It is conventional wisdom, even among experienced communications attorneys, that NTIA is “exempt” from FCC’s ex parte rules. The FCC says the purpose of these rules is as follows

Our ex parte rules play an important role in protecting the fairness of the FCC's proceedings by assuring that FCC decisions are not influenced by impermissible off-the-record communications between decision-makers and others. At the same time, the rules are designed to ensure that the FCC has sufficient flexibility to obtain the information necessary for making expert decisions.

The actual rule involved, 47 C.F.R. 1.1204, is shown at the top of this post. The Commission reviewed and updated its ex parte rules recently in Docket 10-43 in which MSS commented with little impact.

However, the Commission recently reopened part of this issue when in para. 40 of the NPRM of ET Docket No. 13-115 dealing with “Federal Earth Stations Communicating with Non-Federal Fixed Satellite Service Space Stations and Federal Space Station Use of the 399.9-400.05 MHz” it asked

We invite comment on how we might continue to protect against harmful interference to or from Federal earth station operations in a manner that is consistent with the coordination practice as set forth in the MOU, while at the same time ensuring transparency, fairness, and integrity in the Commission’s decision making process.

MSS filed comments recently replying to this invitation and addressing 2 issues of ex parte practice by federal users regulated by NTIA pursuant to Section 305 and 902 of the Communications Act.

First, while the above quoted §1.1204 requires

“any new factual information obtained through such a presentation that is relied on by the Commission in its decision-making process will, if not otherwise submitted for the record, be disclosed by the Commission no later than at the time of the release of the Commission's decision;”

either NTIA is not being consistent in doing so or FCC and NTIA have a non obvious interpretation of this requirement. Usually NTIA complies with the letter of §1.1204 with an “11th hour” the day prior to the FCC’s decision. However, in the case of Docket 10-236, the revision of the FCC’s experimental license rules in Part 5, there is no filing from NTIA or any other federal agency on record. Since many bands covered by experimental licenses were bands shared with federal users and since the proposed new “program licenses” offered new interference issues with both federal and nonfederal incumbent users, it is very hard to believe that NTIA did not indicate some position to FCC.

Perhaps NTIA, with condoning behavior by FCC, has a nonobvious interpretation of §1.1204, perhaps as twisted as NSA’s interoperation of the Patriot Act and FISA. SpectrumTalk suggests that readers and commenters in Docket 13-115 ask NTIA how it actually interprets § 1.1204 and why there was no NTIA filing in Docket 10-236.
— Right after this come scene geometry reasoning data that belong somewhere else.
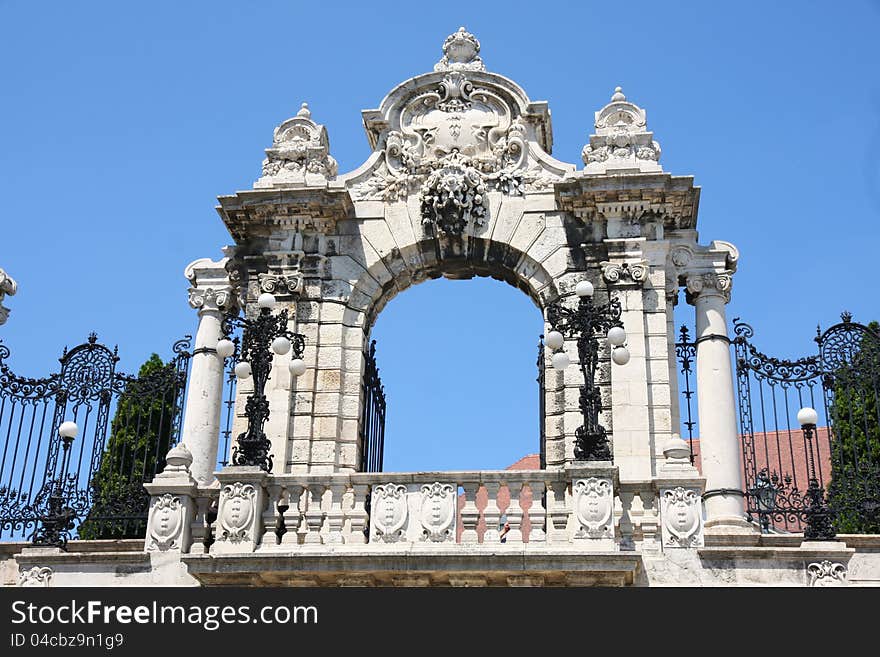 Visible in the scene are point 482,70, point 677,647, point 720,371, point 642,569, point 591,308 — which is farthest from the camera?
point 482,70

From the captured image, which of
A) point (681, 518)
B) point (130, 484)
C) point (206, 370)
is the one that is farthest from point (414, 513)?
point (206, 370)

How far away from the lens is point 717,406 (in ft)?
49.8

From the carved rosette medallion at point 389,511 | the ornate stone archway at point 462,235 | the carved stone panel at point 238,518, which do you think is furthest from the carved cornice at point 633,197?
the carved stone panel at point 238,518

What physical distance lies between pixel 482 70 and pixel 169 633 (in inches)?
391

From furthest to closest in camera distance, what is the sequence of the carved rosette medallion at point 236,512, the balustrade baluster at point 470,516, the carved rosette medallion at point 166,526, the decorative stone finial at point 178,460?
the decorative stone finial at point 178,460 → the carved rosette medallion at point 166,526 → the carved rosette medallion at point 236,512 → the balustrade baluster at point 470,516

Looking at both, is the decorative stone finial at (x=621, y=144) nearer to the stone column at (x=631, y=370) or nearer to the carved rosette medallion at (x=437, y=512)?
the stone column at (x=631, y=370)

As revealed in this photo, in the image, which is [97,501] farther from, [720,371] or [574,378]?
[720,371]

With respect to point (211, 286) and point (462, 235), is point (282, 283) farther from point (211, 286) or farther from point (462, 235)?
point (462, 235)

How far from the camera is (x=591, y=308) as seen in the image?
531 inches

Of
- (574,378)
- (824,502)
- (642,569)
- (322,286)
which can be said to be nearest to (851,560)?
(824,502)

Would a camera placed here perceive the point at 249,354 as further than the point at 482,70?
No

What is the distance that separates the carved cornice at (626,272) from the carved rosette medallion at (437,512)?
404 centimetres

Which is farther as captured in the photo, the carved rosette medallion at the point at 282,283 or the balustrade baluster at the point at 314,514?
the carved rosette medallion at the point at 282,283

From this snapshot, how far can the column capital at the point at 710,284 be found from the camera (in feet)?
52.1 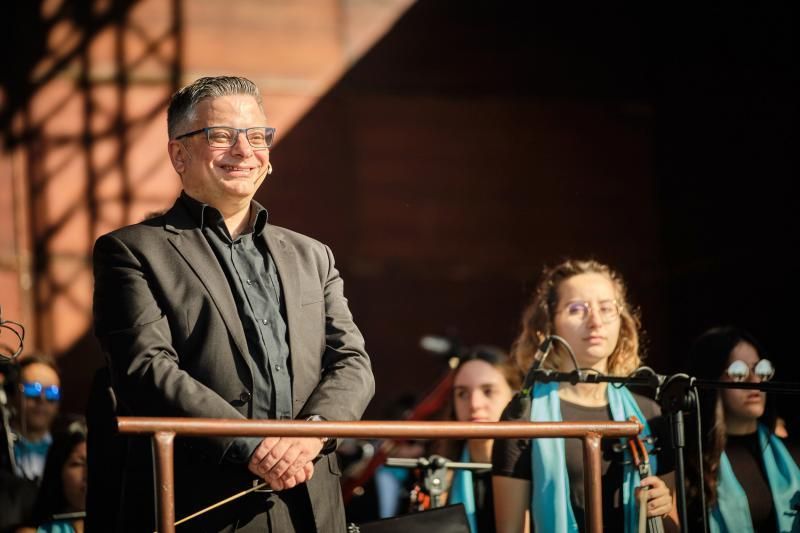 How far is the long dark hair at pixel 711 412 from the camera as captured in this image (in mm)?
3699

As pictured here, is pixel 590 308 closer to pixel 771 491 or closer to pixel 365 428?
pixel 771 491

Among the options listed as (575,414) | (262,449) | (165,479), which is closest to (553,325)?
(575,414)

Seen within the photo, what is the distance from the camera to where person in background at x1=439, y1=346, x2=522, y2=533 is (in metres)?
4.17

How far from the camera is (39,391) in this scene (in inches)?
191

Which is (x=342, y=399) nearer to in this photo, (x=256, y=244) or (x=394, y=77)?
(x=256, y=244)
The MSS comments also pointed out the “NTIA ex parte loophole” that has been repeatedly discussed in this blog. This is the practice of private parties using NTIA staff to bypass the transparency provision so the ex parte rules and to send negative information to FCC via NTIA so the party on the opposite side does not find out in a timely way what the new issue is and is unable to rebut it quickly.

Your blogger saw this repeatedly drink the UWB rulemaking where cellular interests and GPS interests used NTIA as their covert pipeline to FCC decision makers. In an FCBA public forum at FCC at that time, then NTIA Administrator Gallagher even acknowledged that he would receive such ant-UWB allegation and immediately call a top FCC manager with them!

MSS raised this issue in Docket 10-43 comments. Oddly, the Report & Order in that proceeding mischaracterized the MSS comments as proposing to “delete” the provisions of §1.1204 that apply to NTIA and then dismissed the suggestion as a reductio ad absurdum - a cute debating trick. The issue is not whether NTIA should be allowed easier access to FCC on matters of common jurisdiction, but rather whether private parties should abuse this provision to keep information off the public record so it can not be rebutted.

MSS continues to urge that NTIA document in the FCC docket file all contact with private parties, other than government contractors, that are clearly intended to influence FCC proceedings subject to
ex parte rules.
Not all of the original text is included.